At the same time, this educational presentation gives the elephants an opportunity to earn their keep. The show only involves light work for these endangered animals and the message resulting from their demonstration goes a long way in helping conservation efforts to protect the species.

We are also made aware that maintaining the herd is very costly and labour-intensive. An adult elephant consumes up to 250kg of food daily while the calves require slightly less than half the amount.

Then, just before the show starts, the audience is reminded that elephants behave quite like humans and, like us, each has its own personality. Therefore, we are told not to expect the elephants to perform their tasks like clockwork.

The next half an hour is nothing short of amazing. I get to see how elephants behave while at work and at play. There is also a re-enactment of how Badol lost its mother and was subsequently rescued.

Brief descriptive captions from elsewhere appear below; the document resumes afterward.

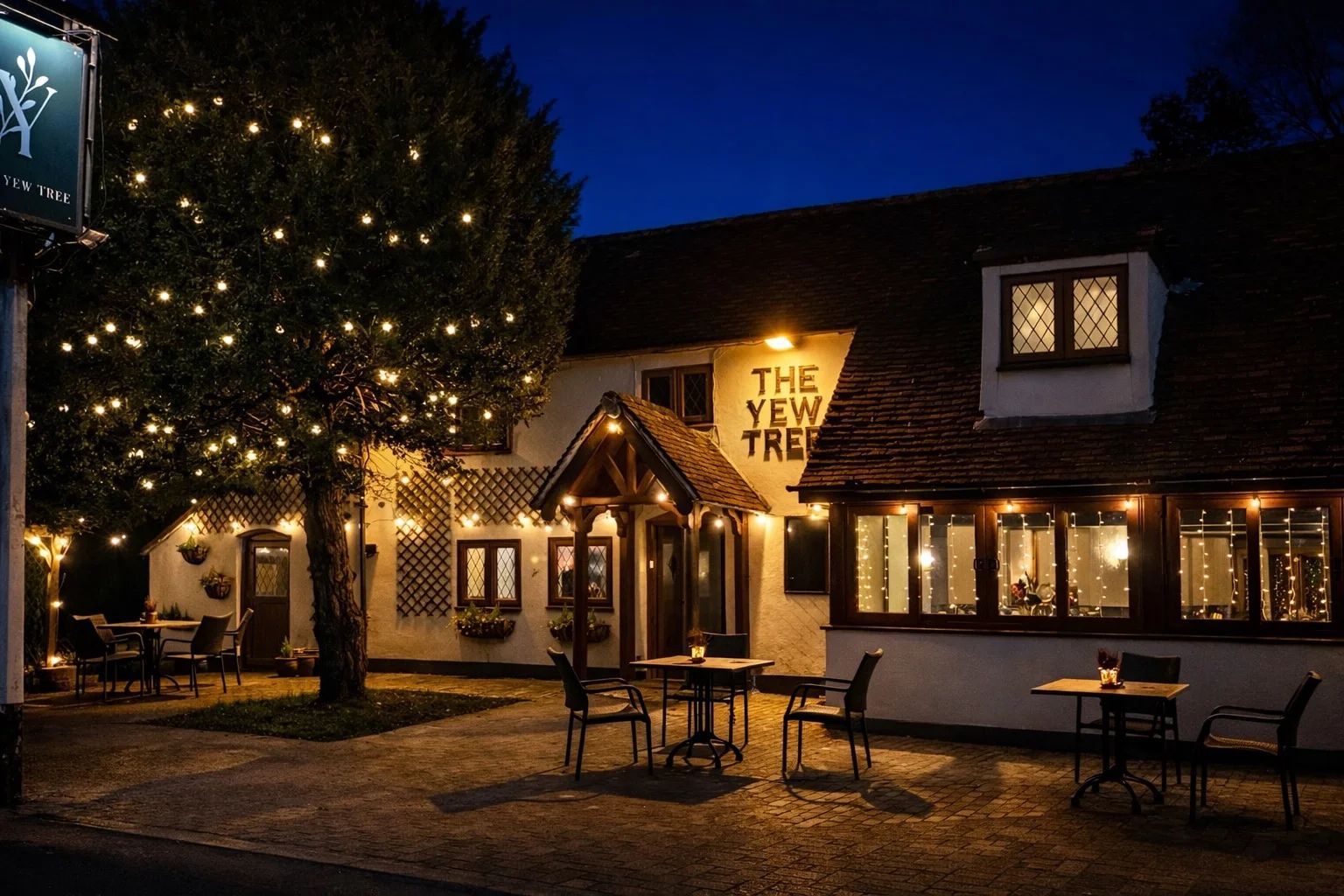 The Yew Tree, a countryside pub in Sandling, Maidstone, lit up at dusk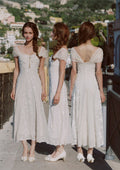 Close-up of the neckline and bodice of a cream-colored jacquard midi dress.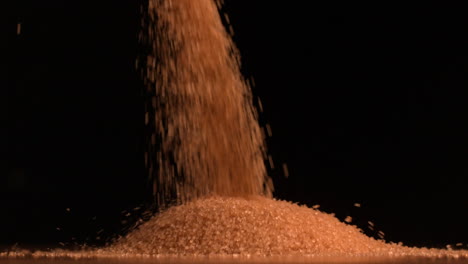 golden sugar pouring on black background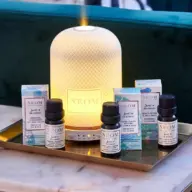 NEOM diffuser with essential oils on a tray, set against a green sofa.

Towards the end of the show, the pachyderms head to the edge of the amphitheatre, dip the tips their trunks into receptacles filled with water and give the audience an impromptu shower! That act sends everyone running helter skelter for cover. All of ushave a good laugh.


We all head to a nearby stream after the education show. There, for the first time in my life, I get to see elephants enjoying a cool and refreshing bath. Owing to their thick hides, these pachyderms do not have sweat glands. As a result, they have to take frequent baths to keep their body temperature in check. At the village, the elephants take to the water thrice a day starting from noon, and at two-hourly intervals.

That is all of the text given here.